Yesterday, following former-Governor Mitt Romney’s six-state Super-Tuesday win, Newt Gingrich rolled out the “Romney Record.” A Facebook Timeline, the “Romney Record” chronicles Romney’s political career, specifically highlighting what Gingrich deems to be his more “liberal & out-of-touch” moments.

The Timeline starts in 1947, with Romney’s birth and jumps to 1984, when Romney helped start Bain Capital (with a photo of Romney and his colleagues literally covered in money). It continues with highlights from Romney’s political career: photos and videos from his 1994 senatorial run and first gubernatorial campaign.

Presented as being a record of Romney’s liberal leanings, the postings focus mainly on his support of the individual mandate (also known as RomneyCare) and highlight several gaffes from the current presidential campaign  (“I like being able to fire people” and “I’ll bet you $10,000”).

As a visual interpretation, the “Romney Record” serves a great purpose. It provides users with an easy to digest, chronological view of a candidate’s history. Gingrich is no stranger to this major upside to Timeline, he was the first U.S. candidate to unveil one.


However, there is a serious consequence to this new social strategy. Namely, a negligible lack of transparency. Gingrich’s involvement in the page is hidden, a small footnote on the page’s “About” section. Additionally, as with most Internet content, the lack of gatekeepers means that this type of page presents whatever the creator wants it to present. In this case that means Romney’s supposedly “liberal” policies, while at the same time completely failing to mention anything that could be construed as positive about the candidate.

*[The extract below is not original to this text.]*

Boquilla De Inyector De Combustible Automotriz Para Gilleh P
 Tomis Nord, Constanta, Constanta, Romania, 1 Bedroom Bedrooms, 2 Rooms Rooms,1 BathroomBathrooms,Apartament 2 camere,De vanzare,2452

Political posturing is nothing new. Candidates have been slinging the metaphorical mud for as long as there have been candidates. But, what happens when that message is presented in an unexpected, and unassuming, way? From simply looking at the main Timeline of the “Romney Record” you would never assume that it was associated with another candidate. The danger lies in social media being distorted so that users begin to see this strategy as a reliable source for news and information, instead of what it really is: a political advertisement.

The use of social media in politics is so new and is still evolving, so the implications of Gingrich’s Timeline strategy are still yet to be seen. However, keep a close eye on the general election this fall, where social media is sure to be used by both candidates for a wide variety of purposes.

What do you think about politicians making their campaigns more socially savvy?